Sometimes we see connections because we want them to be there or our own personal experiences lend themselves to finding those similarities. If you're a sports fan, you might look at how the character relates to Mickey Mantle.


All of that leads to people saying on wikis like this "character A is similar to character B" and then they'll start listing the points that makes them similar.

That's not as helpful as people might think. We have a lot characters to choose from. We've got over seven billion people on this planet. That many people looking at that many characters are going to find countless similarities and not everyone's going to find the same similarities.

It becomes less helpful because the points they choose for comparison often have qualfiers: "character A is similar to character B because they did C, D and E, except the second guy did E differently".

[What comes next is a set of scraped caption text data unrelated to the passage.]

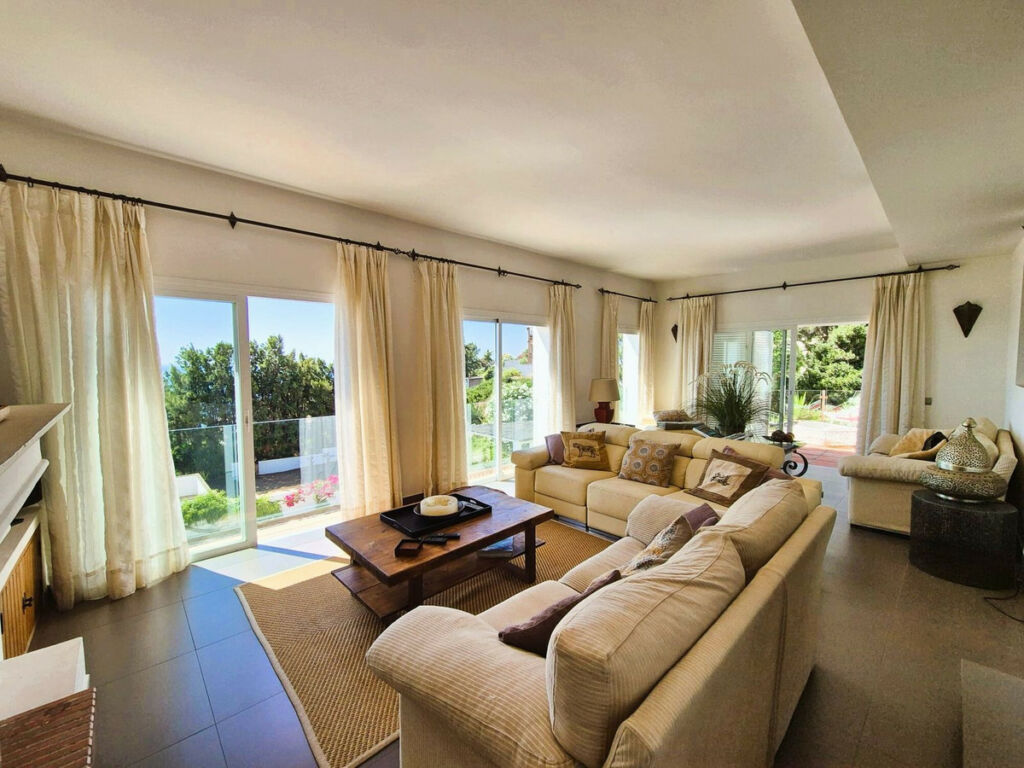 Detached Villa Manilva Málaga - image 5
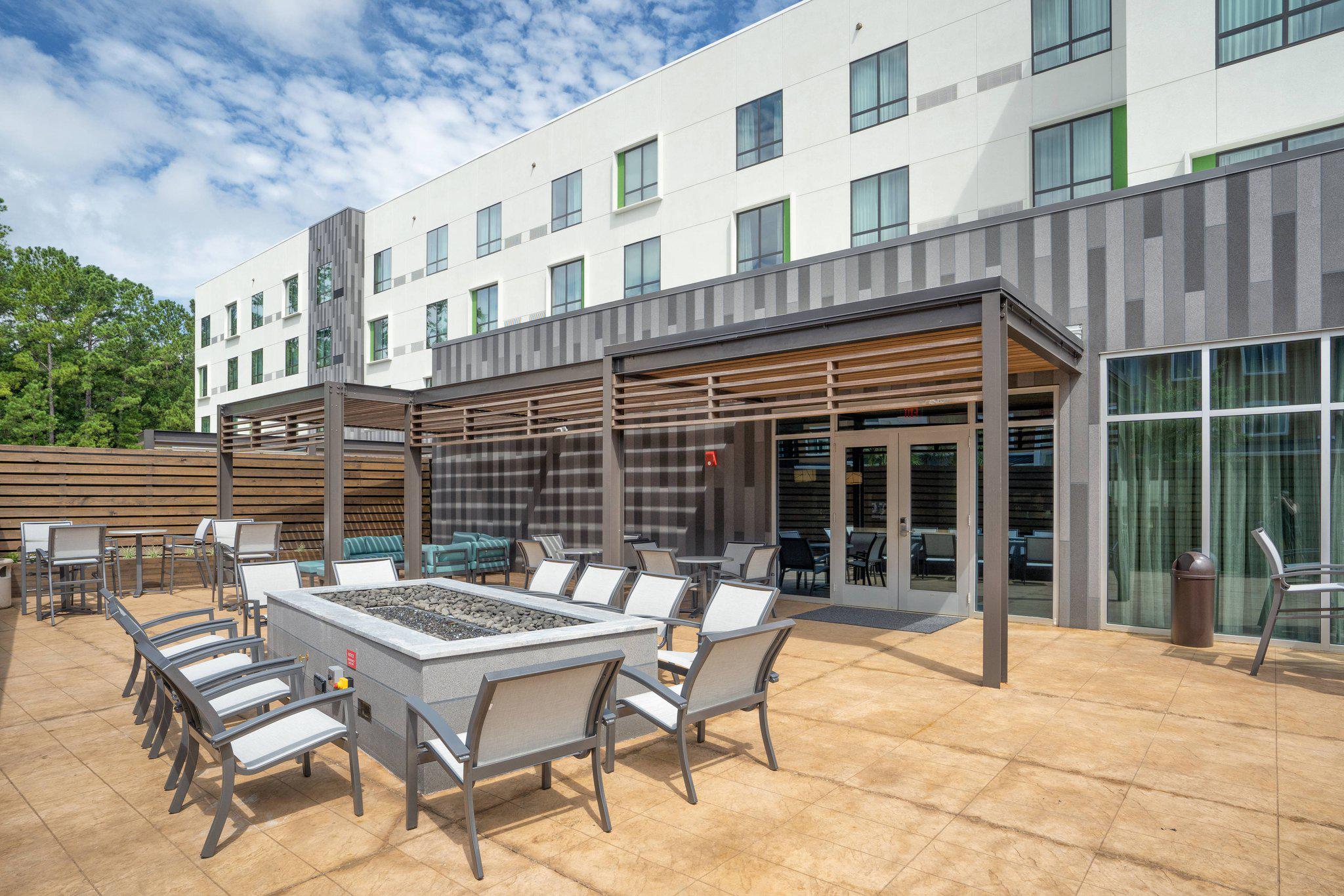 Courtyard by Marriott Charleston-North Charleston Photo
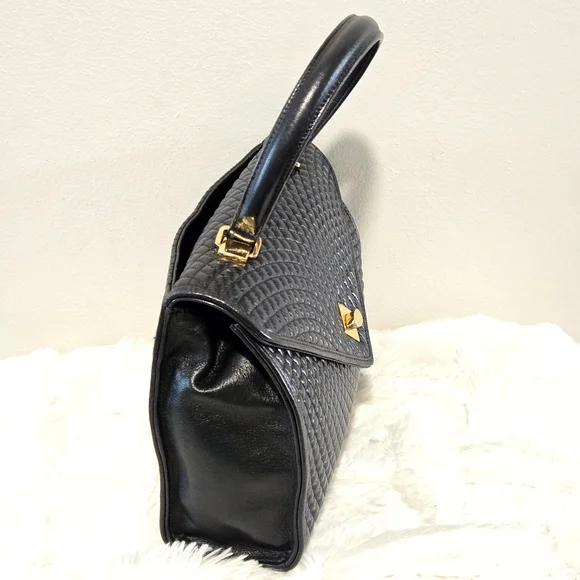 Bally Black Quilted Shoulder Bag with Gold Details - Picture 4 of 16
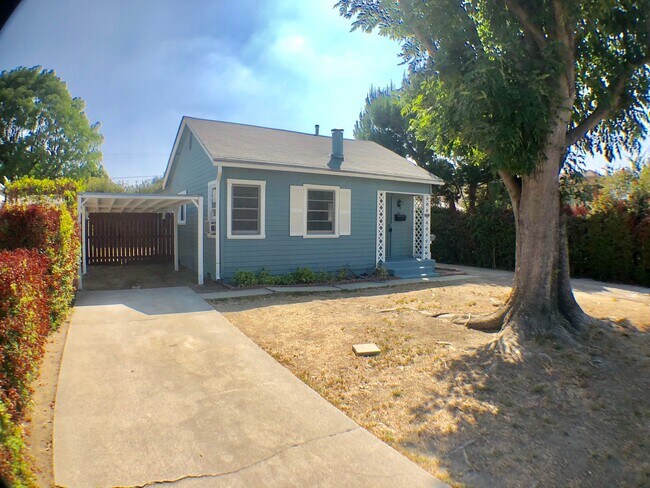 6200-6202 N Muscatel Ave in San Gabriel, CA - Building Photo - Building Photo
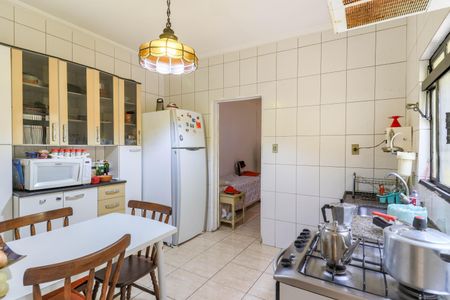 Casa para alugar com 264m², 2 quartos e 2 vagasCozinha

I can do the same thing. "RRabbit42 is similar to Celine Dion because they're both human beings and they sing, except that RRabbit42 hasn't had any formal musical training and knows he sings out of key a lot of time."

That doesn't make me a professional singer like Celine Dion. It's a coincidence that we both happen to be humans and we both happen to be able to sing. The point about how well each of us sings is what makes the "similar to" fall apart.

Let's do it again. "RRabbit42 is similar to Abraham Lincoln because they're both men and they're both leaders. Lincoln was President of the United States and RRabbit42 is an administrator on a few wikis."

Not quite the same level of leadership ability, and I haven't done anything yet in terms of humanitarian efforts like Lincoln did. But it goes to show that if you relax how close the comparison point is, you can say that anything is "similar to" anything else: "A spider is similar to an elephant because they're both alive."


Related to this is "inspirations". There's a spot in the Infobox to say that character A was inspired by other characters. But because it's an Infobox, there isn't room to put in any reasons why the inspiration exists. It gets used as a dumping ground for any character that is "similar to" another character.

What that is really for is when people connected to making the story say that the character was inspired by one or more specific characters. For example, Discord from My Little Pony Friendship Is Magic was specifically inspired by Q from Star Trek: The Next Generation and getting the same actor to do Discord's voice made it work even better. That changes it from Discord is "similar to" Q into Discord was definitely inspired by Q. It's documented in articles that this is how we got Discord.

But there's almost never any references for why someone thinks a character was "inspired" by another character. It really does become a dumping ground for what are coincidental "similar to" lists.

Some of these have a side-effect that most people aren't aware of. A lot of the inspirations are supposedly from Disney characters. Disney is very possessive about what they make. If someone from DreamWorks says "we were inspired by this Disney character", Disney's reaction is very likely going to be, "You didn't get our permission to do that" and they'd file a law suit.


Any inspirations need to have references where it's documented that character A was definitely inspired by character B. If you're going to say a character is similar to another one, you need to be very specific how they're alike so it's more than coincidence that they're alike and leave out the exceptions that make the comparison fall apart.